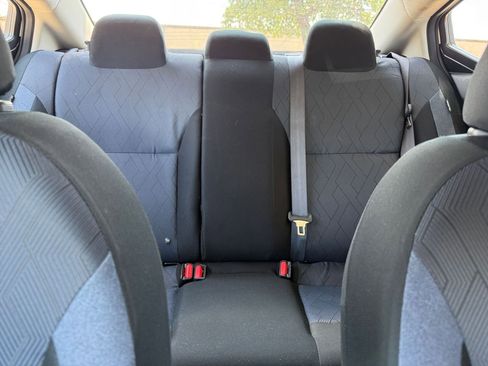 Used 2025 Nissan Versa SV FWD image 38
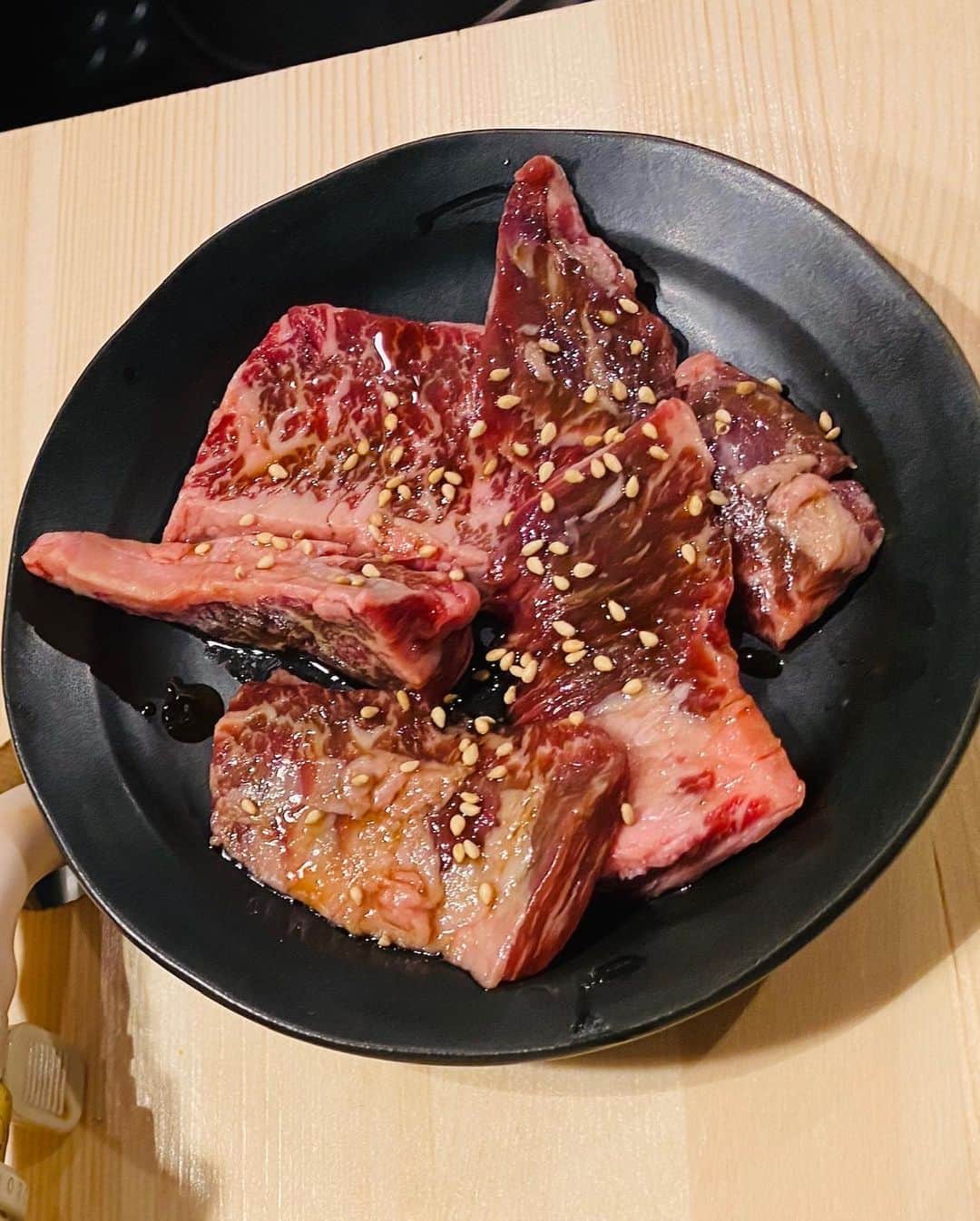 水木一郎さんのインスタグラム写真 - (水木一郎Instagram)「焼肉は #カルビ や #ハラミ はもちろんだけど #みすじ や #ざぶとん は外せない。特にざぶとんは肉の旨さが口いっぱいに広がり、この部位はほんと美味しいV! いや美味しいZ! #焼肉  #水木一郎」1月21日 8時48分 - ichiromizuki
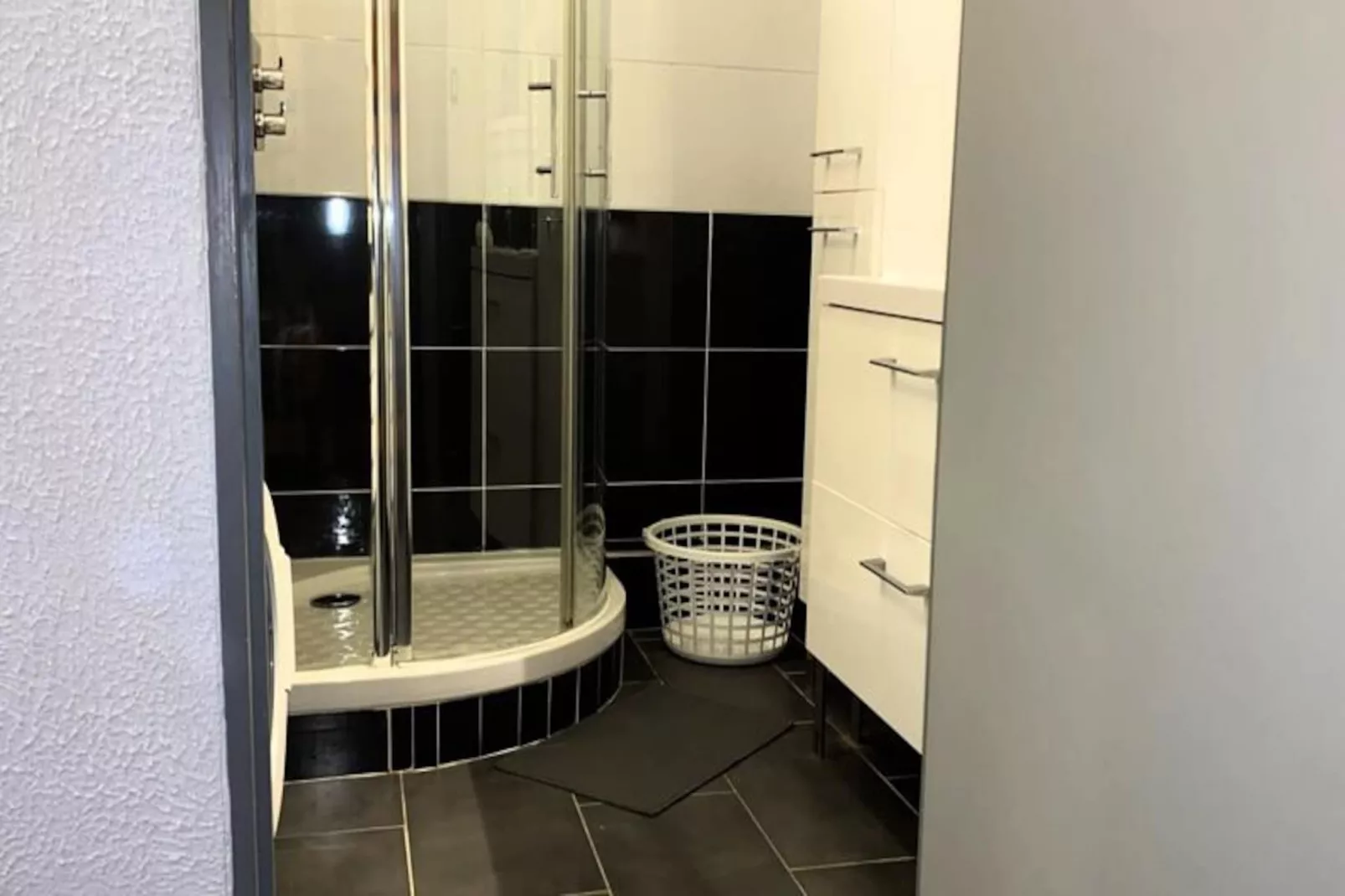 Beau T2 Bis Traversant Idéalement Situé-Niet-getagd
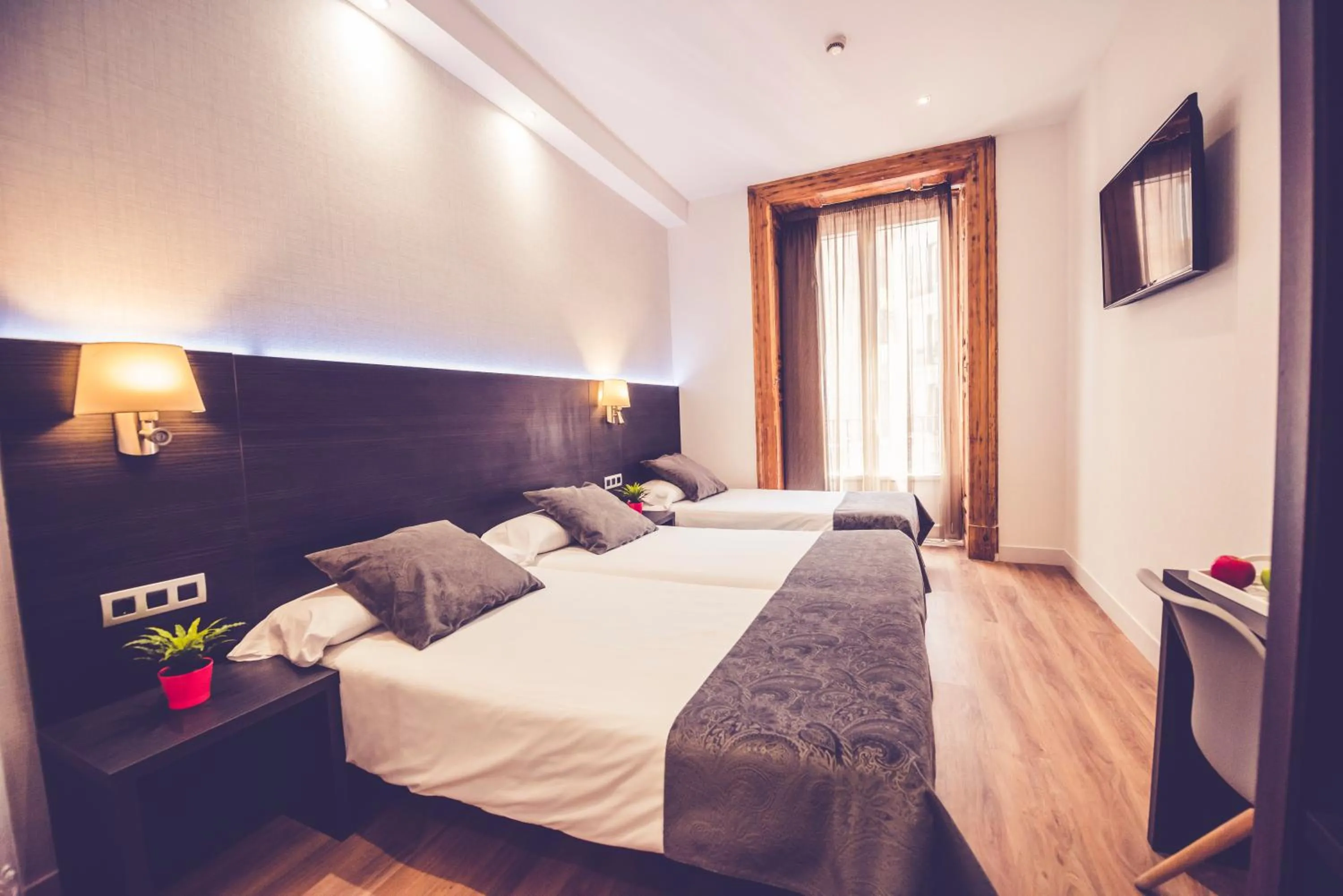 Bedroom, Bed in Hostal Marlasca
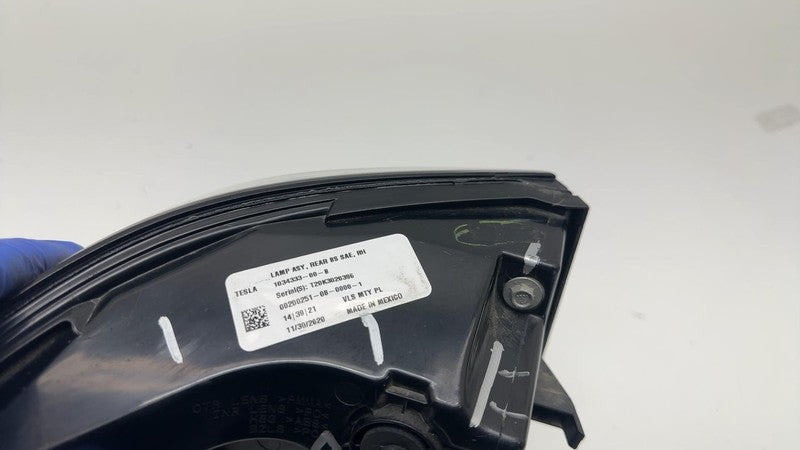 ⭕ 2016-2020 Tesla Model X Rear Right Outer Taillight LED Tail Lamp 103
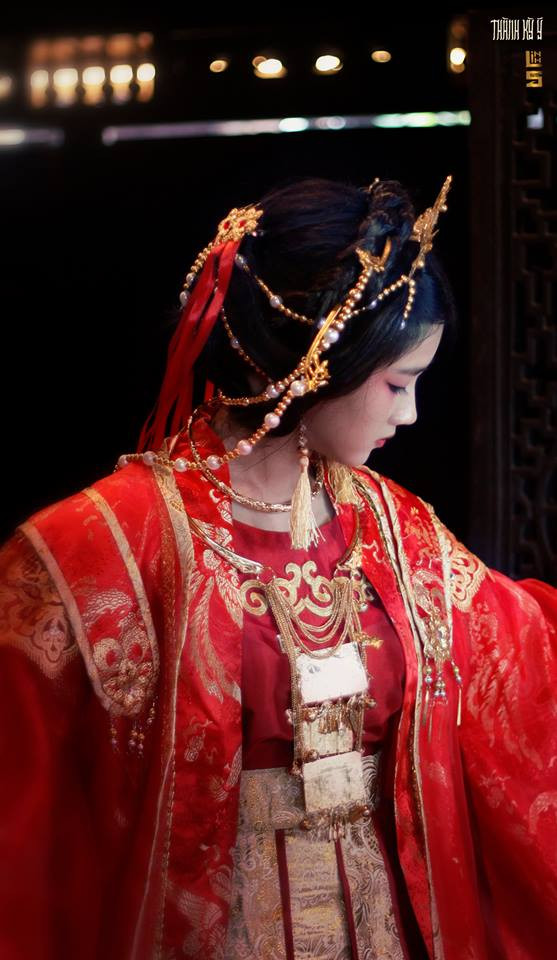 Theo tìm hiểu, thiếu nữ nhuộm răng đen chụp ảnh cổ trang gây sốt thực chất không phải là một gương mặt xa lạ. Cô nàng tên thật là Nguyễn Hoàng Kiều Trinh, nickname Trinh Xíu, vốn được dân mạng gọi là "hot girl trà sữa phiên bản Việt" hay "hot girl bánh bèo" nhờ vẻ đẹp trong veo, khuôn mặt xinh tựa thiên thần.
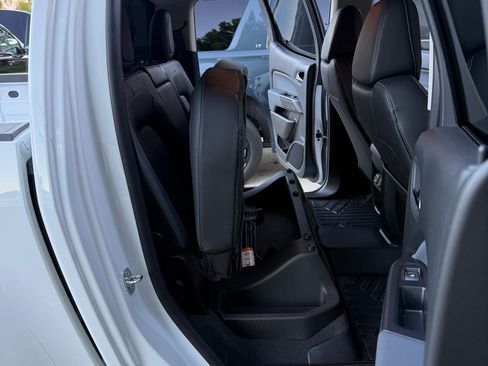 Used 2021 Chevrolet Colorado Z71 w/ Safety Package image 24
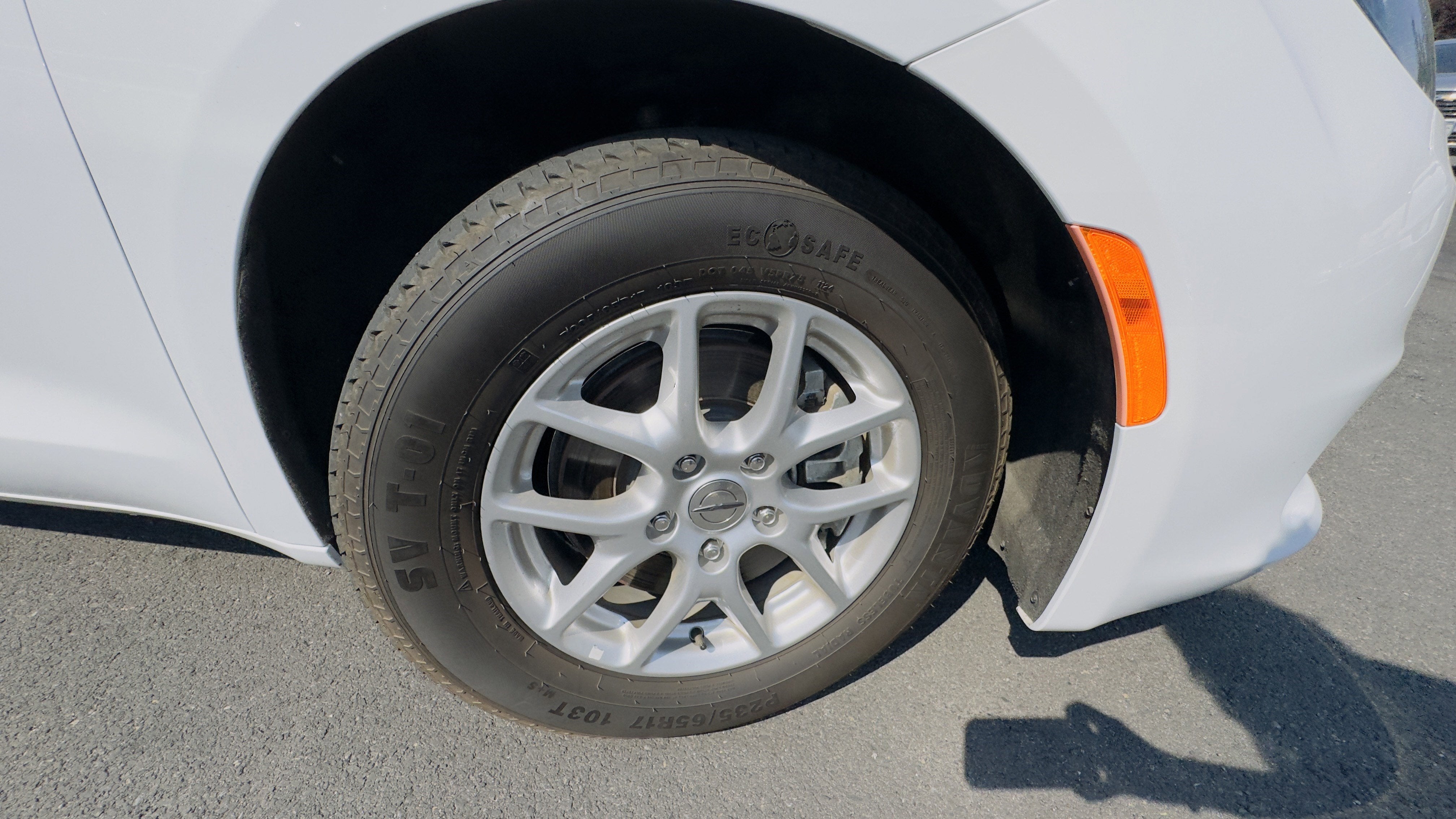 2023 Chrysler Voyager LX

········

-- WHAT NEEDS TO BE DONE --
Aside from the pictures, repeat the listing exactly.

-- SOLUTION --
 Used 2025 Nissan Versa SV FWD image 38
 水木一郎さんのインスタグラム写真 - (水木一郎Instagram)「焼肉は #カルビ や #ハラミ はもちろんだけど #みすじ や #ざぶとん は外せない。特にざぶとんは肉の旨さが口いっぱいに広がり、この部位はほんと美味しいV! いや美味しいZ! #焼肉  #水木一郎」1月21日 8時48分 - ichiromizuki
 Beau T2 Bis Traversant Idéalement Situé-Niet-getagd
 Bedroom, Bed in Hostal Marlasca
 ⭕ 2016-2020 Tesla Model X Rear Right Outer Taillight LED Tail Lamp 103
 Theo tìm hiểu, thiếu nữ nhuộm răng đen chụp ảnh cổ trang gây sốt thực chất không phải là một gương mặt xa lạ. Cô nàng tên thật là Nguyễn Hoàng Kiều Trinh, nickname Trinh Xíu, vốn được dân mạng gọi là "hot girl trà sữa phiên bản Việt" hay "hot girl bánh bèo" nhờ vẻ đẹp trong veo, khuôn mặt xinh tựa thiên thần.
 Used 2021 Chevrolet Colorado Z71 w/ Safety Package image 24
 2023 Chrysler Voyager LX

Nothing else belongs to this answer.